• What is needed: All of the data below must be reproduced word for word, but without its images.

• Records from a dataset:
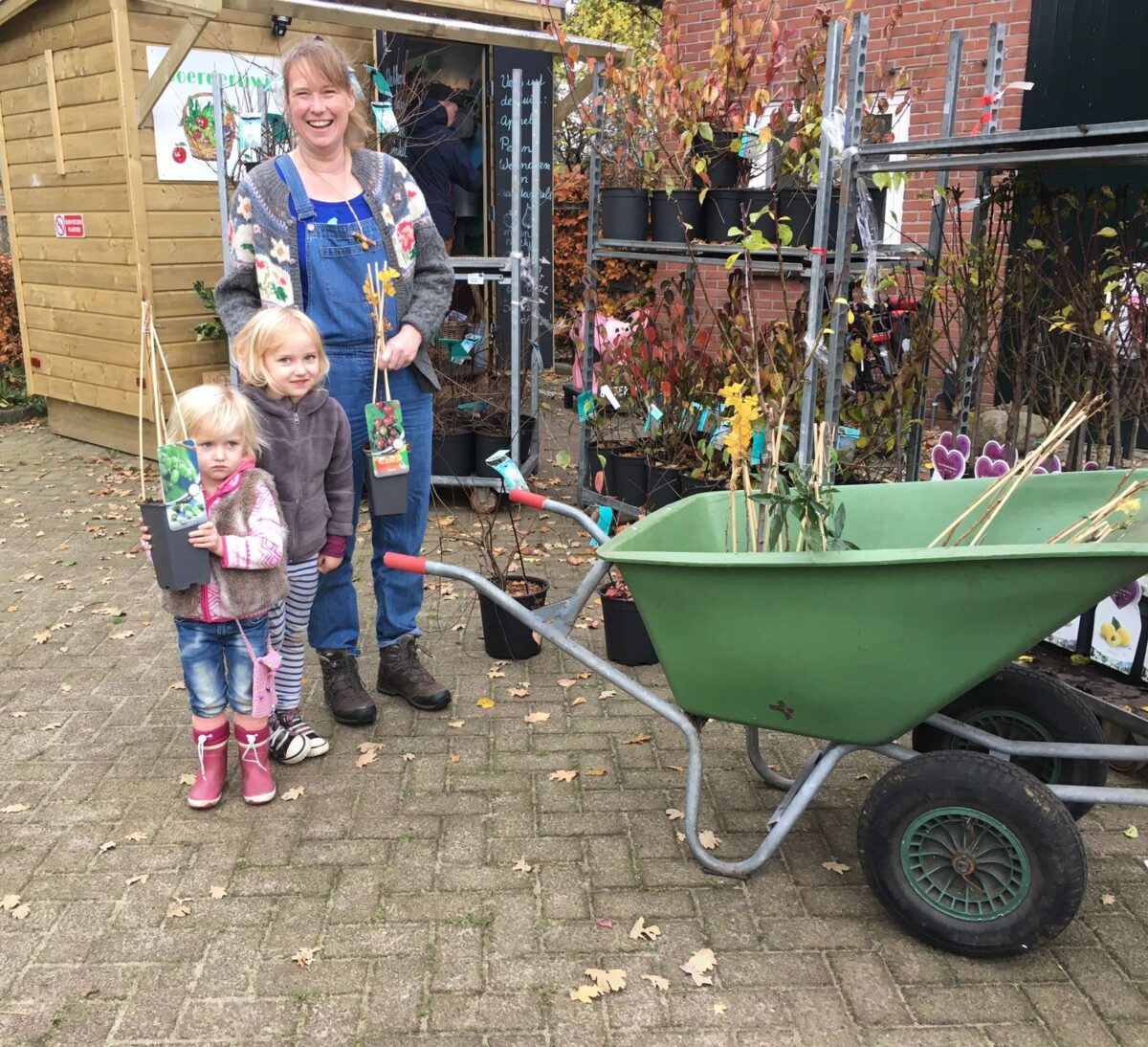 Struikenactie ‘Mmm, natuur om op te (vr)eten’ groot succes!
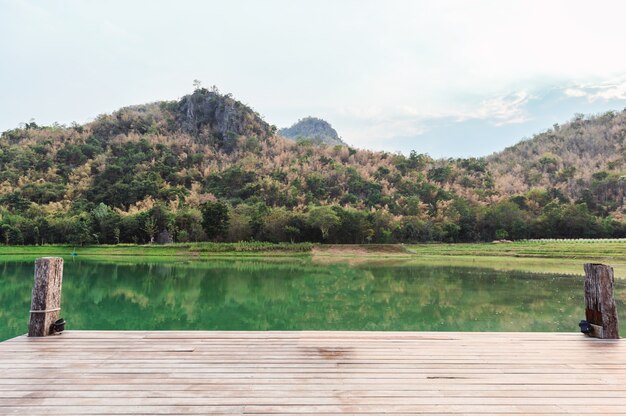 Pont en bois ou jetée avec montagne sur lac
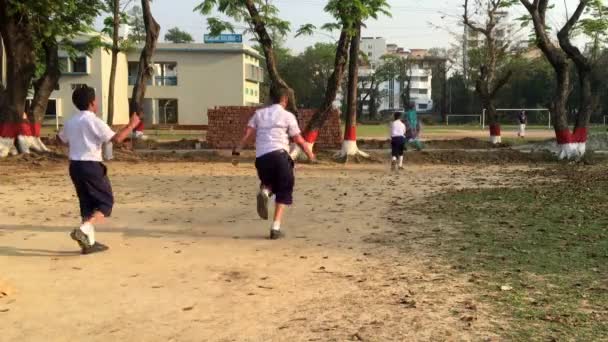 Fiatal Diákok Szabadtéri Tevékenységei Dhaka Lakómodell Főiskolán Mohammadpurban Dhakában Banglades — Stock videók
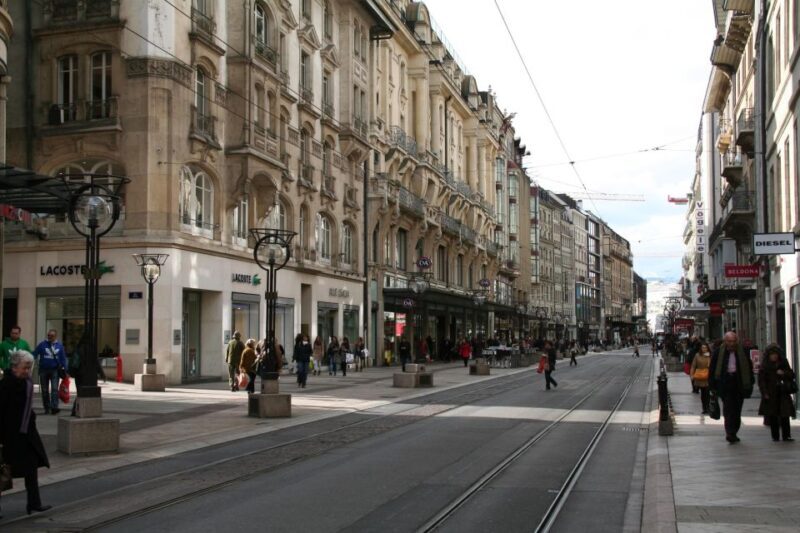 Geneva: Private Walking Tour with a Local Guide - An In-Depth Look at Geneva’s Streets with a Private Guide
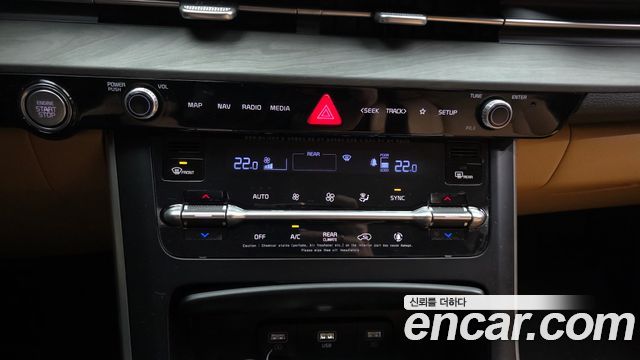 Kia Canival 2023 — photo 17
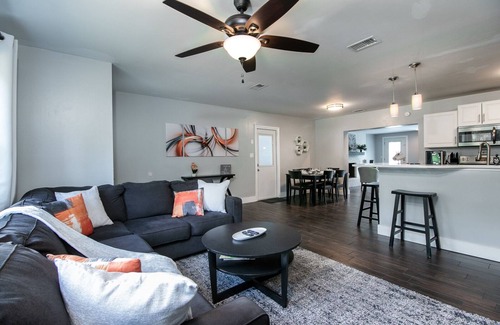 Gainesville Casa | The Oasis w/ New Salt Pool Walk to Publix & Restaurants - 1 Mile to UF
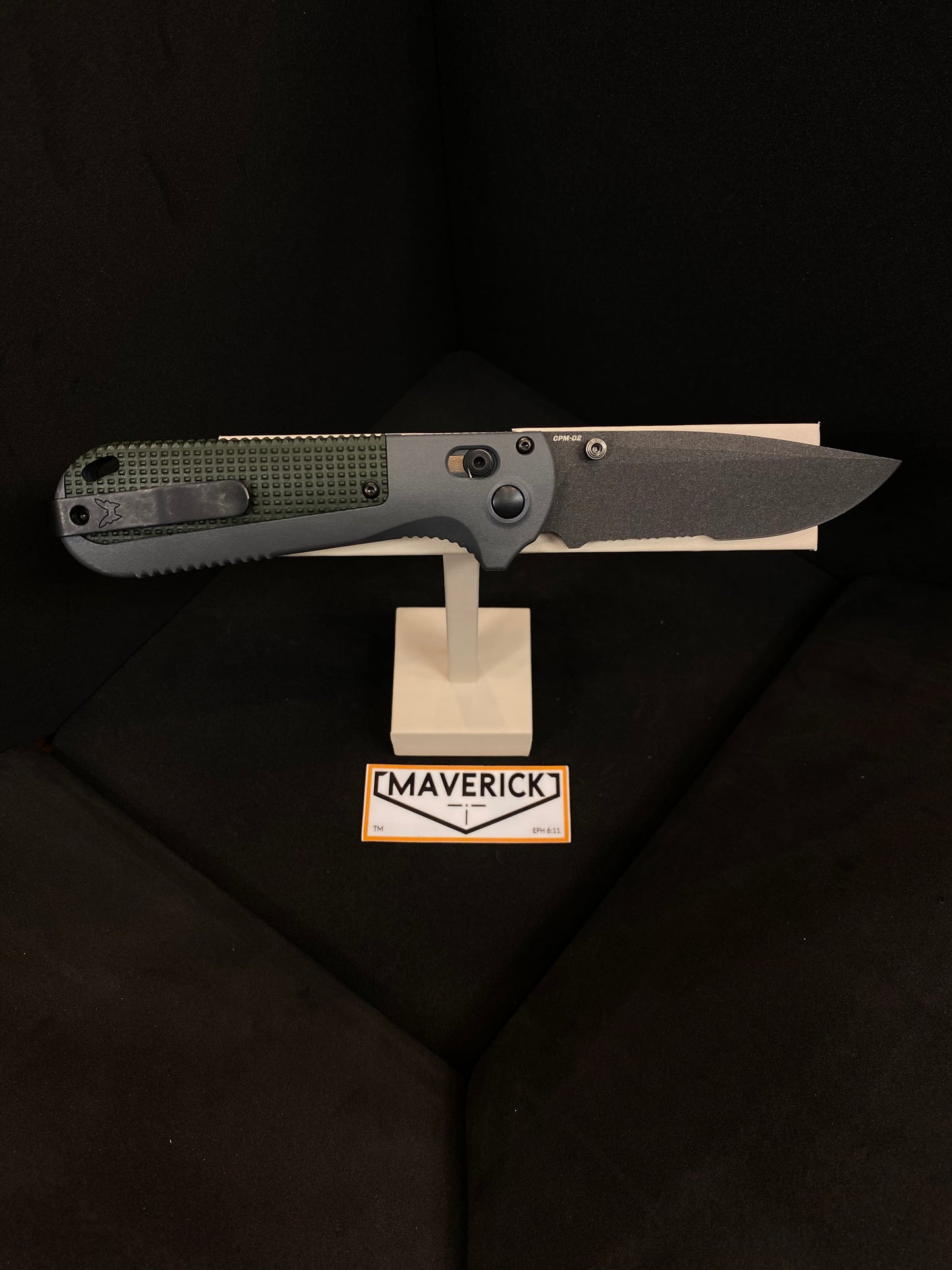 Benchmade Redoubt - CPM-D2 Manual Open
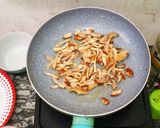 Foto langkah ke 2 dari resep Mie Shirataki Bumbu Kuah Goreng.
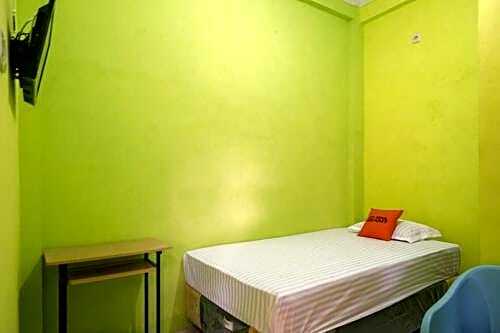 Суракарта: KoolKost Female Syariah near ISI Solo - Minimum Stay 3 Nights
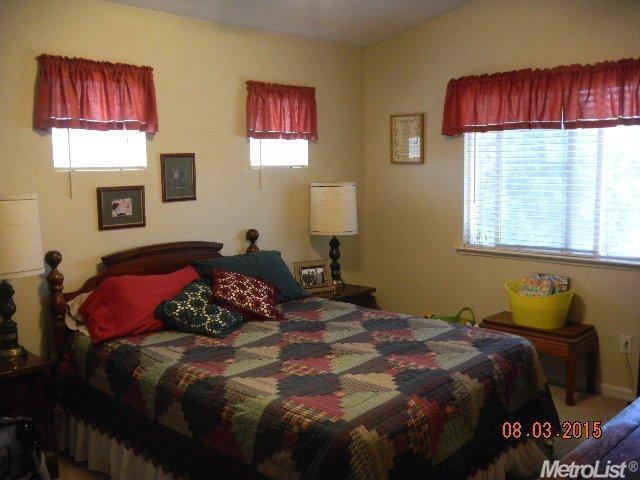 172 Memory Ln, Turlock, CA 95382 photo 19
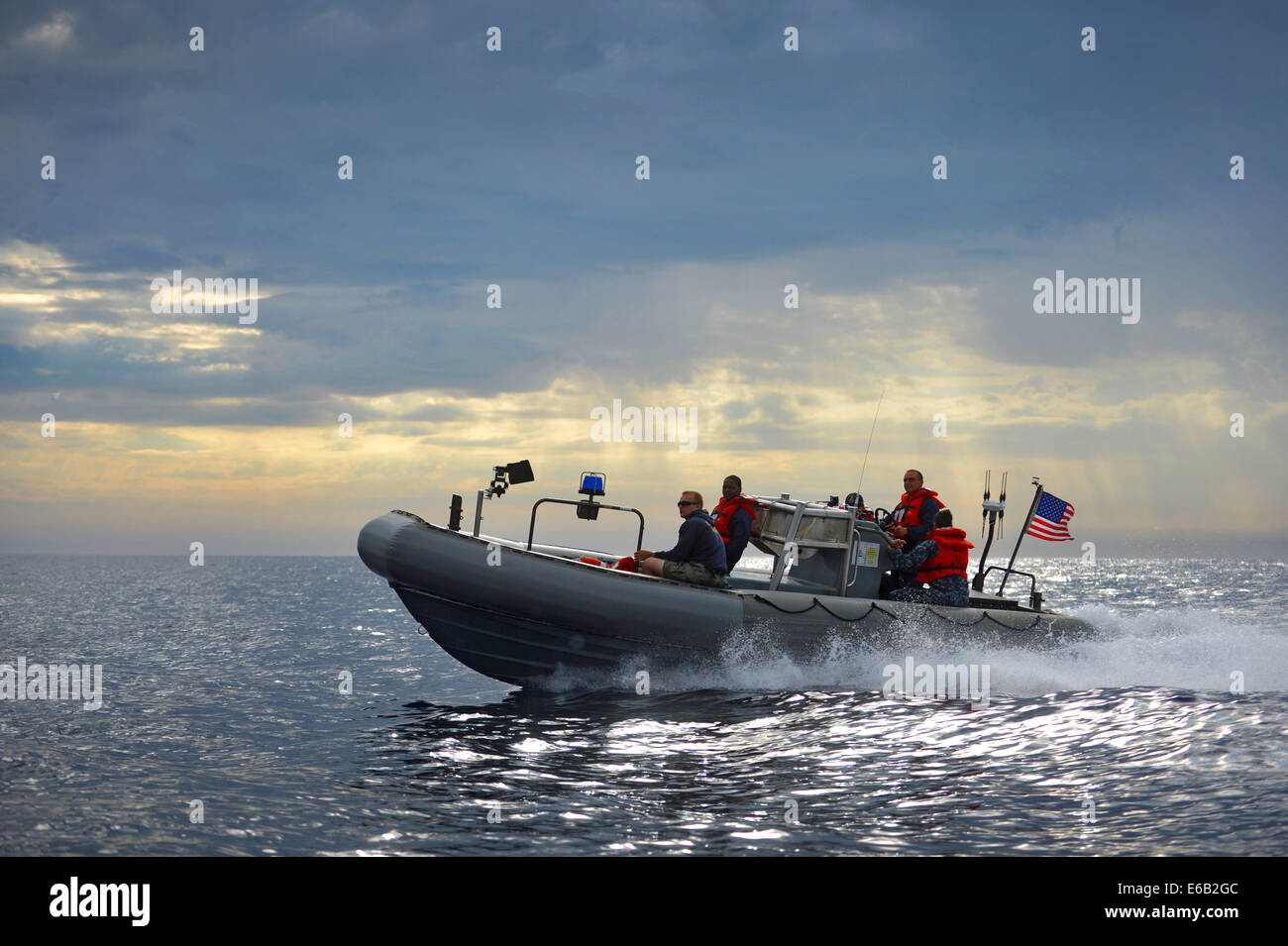 Les marins américains affectés à la station de transport amphibie USS Anchorage (LPD 23) et les plongeurs affectés à l'unité mobile de destruction des engins explosifs 11 participer à un test de reprise en cours pour le Programme spatial Orion de la NASA, le 3 août 2014, dans le Pacifi que Banque D'Images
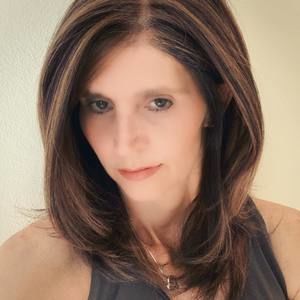 Meet your Posher, Sonia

• Answer for this exercise:
 Struikenactie ‘Mmm, natuur om op te (vr)eten’ groot succes!
 Pont en bois ou jetée avec montagne sur lac
 Fiatal Diákok Szabadtéri Tevékenységei Dhaka Lakómodell Főiskolán Mohammadpurban Dhakában Banglades — Stock videók
 Geneva: Private Walking Tour with a Local Guide - An In-Depth Look at Geneva’s Streets with a Private Guide
 Kia Canival 2023 — photo 17
 Gainesville Casa | The Oasis w/ New Salt Pool Walk to Publix & Restaurants - 1 Mile to UF
 Benchmade Redoubt - CPM-D2 Manual Open
 Foto langkah ke 2 dari resep Mie Shirataki Bumbu Kuah Goreng.
 Суракарта: KoolKost Female Syariah near ISI Solo - Minimum Stay 3 Nights
 172 Memory Ln, Turlock, CA 95382 photo 19
 Les marins américains affectés à la station de transport amphibie USS Anchorage (LPD 23) et les plongeurs affectés à l'unité mobile de destruction des engins explosifs 11 participer à un test de reprise en cours pour le Programme spatial Orion de la NASA, le 3 août 2014, dans le Pacifi que Banque D'Images
 Meet your Posher, Sonia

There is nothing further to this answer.